EASTERN CHRONICLE is my new album that is available worldwide on T-ABC Records. You can download it here on the website in any uncompressed format you can think of. You can also get it in AAC format from iTunes, on MP3 from Amazon.com and in various formats on just about every digital carrier that is out there including Spotify and MOG. If a physical copy is more your speed, the CD is available at retailers throughout Asia and North America.


Comments

  1. Stacy Chambers says:
    July 16, 2012 at 2:28 pm

    Whoa! Definitely needed this. Thank you!

    1. Deane Ogden says:
      July 17, 2012 at 12:15 am

      Glad you found it useful, Stacy! Thanks for coming back. ;)

  2. Stacy Chambers says:
    July 16, 2012 at 2:28 pm

    Whoa! Definitely needed this. Thank you!

  3. Thommaz Kauffmann says:
    July 16, 2012 at 11:47 pm

    I think you described me as the micro guy on your second example, about posting musics with the hope of being called by someone. I did about four musics to show on SoundCloud and afterward, to some people I know it would be important to enter in this business. Is it a bad start? Thanks to your help!

    1. Deane Ogden says:
      July 17, 2012 at 12:14 am

      Hi Thommaz — No, I dont think it's necessarily "wrong" or a bad start to do that. Even I have stuff on SoundCloud for nothing more than the purpose of sharing around to people that enjoy trading sounds. What I'm driving at above, though, is that when you are first starting out your time might be better spent networking with the people with whom you ultimately want to work with. It's like that old analogy of "If a tree falls in a forest and no one is around to hear it, does it make a sound?" By that rationale, the question for you as a beginning composer becomes "What is more worthy of your time? Posting cues on SoundCloud that someone has to literally *get lucky* in order to stumble upon, or finding people who need music and linking them directly to your SoundCloud where they'll have better luck finding what they are after?"

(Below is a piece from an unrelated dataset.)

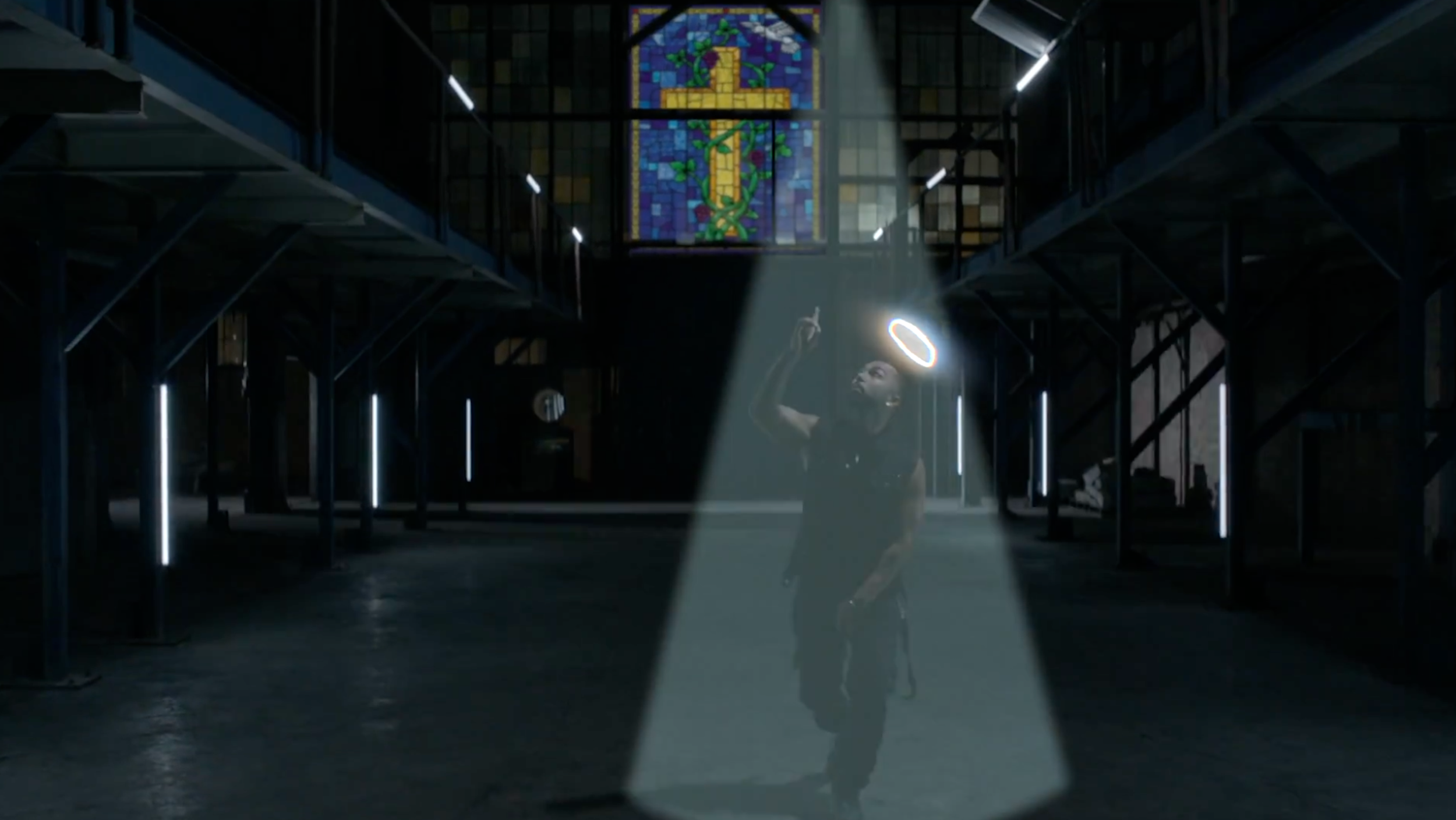 A man dressed in black with a halo-like ring floating above his head, standing under a spotlight casting a shadow on the floor inside a dark, spacious building with a staircase on each side and a stained glass window featuring a cross at the back.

  4. Why Your View on Money Could Kill Your Artistic Career | Home Recording Masters | Microphones, Recording Equipment and Software Reviews says:
    July 17, 2012 at 3:46 am

    [...] Why Your View on Money Could Kill Your Artistic Career Share and [...]

  5. Kim Nimrod Cruz says:
    March 25, 2013 at 7:32 pm

    What I love about this post is how you subliminally said "don't procrastinate!" through "wait 20 minutes" :) thanks again!